**TASK DETAILS**
Please go line by line and repeat the data below exactly, with no images.

**GIVEN DATA**
____

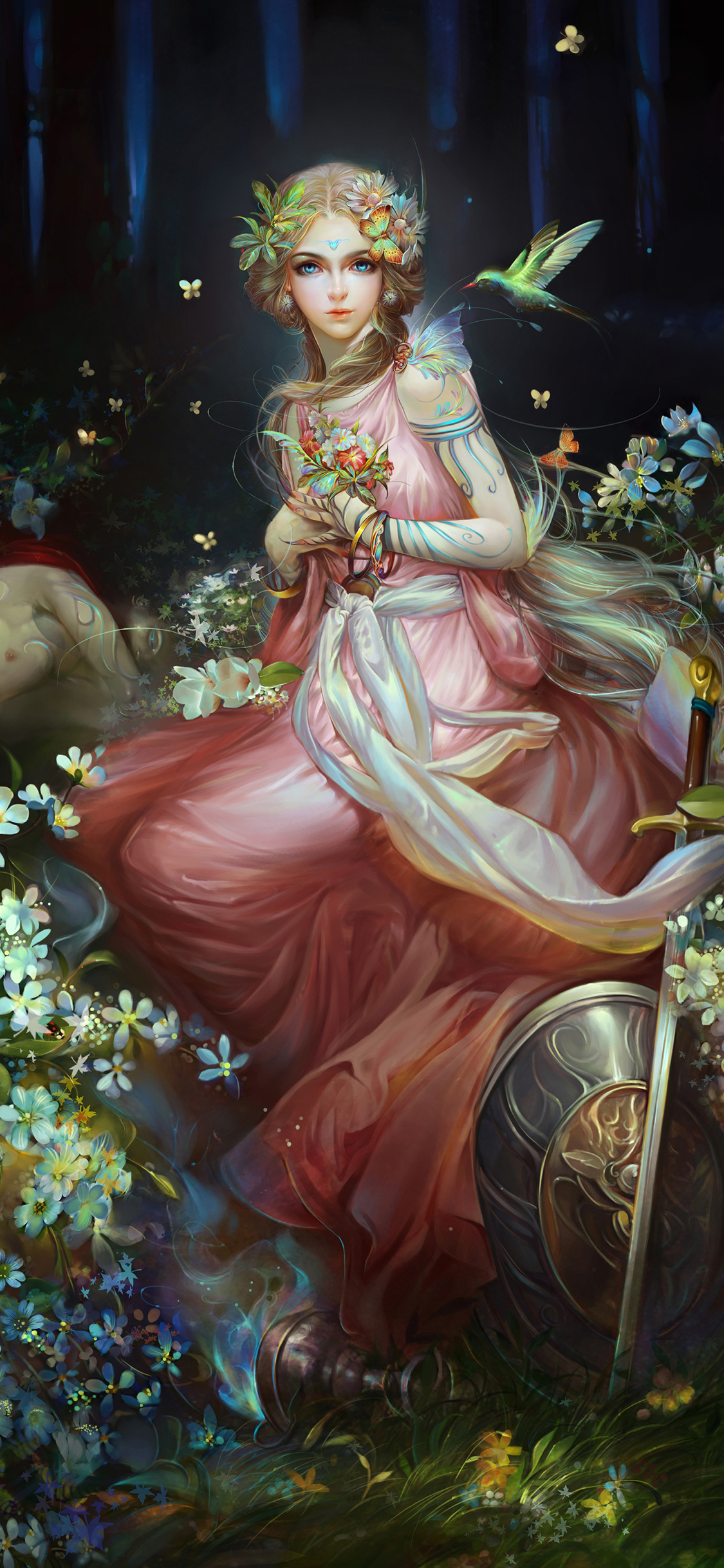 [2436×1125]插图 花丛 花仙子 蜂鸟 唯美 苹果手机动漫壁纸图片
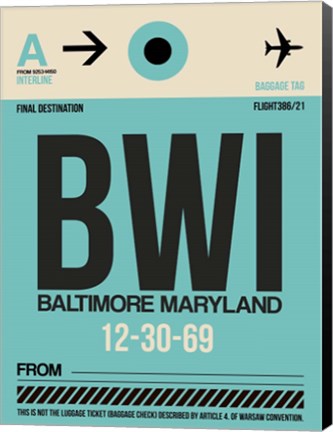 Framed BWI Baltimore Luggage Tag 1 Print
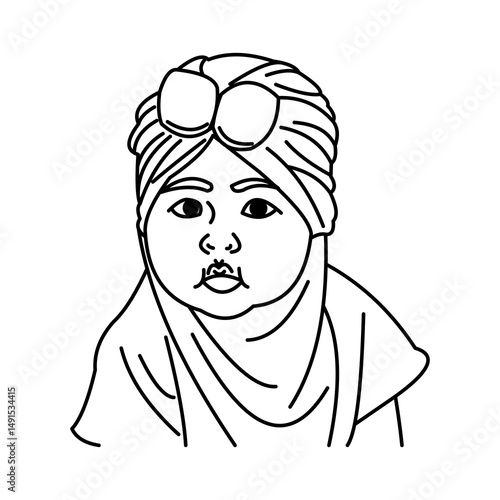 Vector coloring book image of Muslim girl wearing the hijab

____

**EXERCISE RESULT**
 [2436×1125]插图 花丛 花仙子 蜂鸟 唯美 苹果手机动漫壁纸图片
 Framed BWI Baltimore Luggage Tag 1 Print
 Vector coloring book image of Muslim girl wearing the hijab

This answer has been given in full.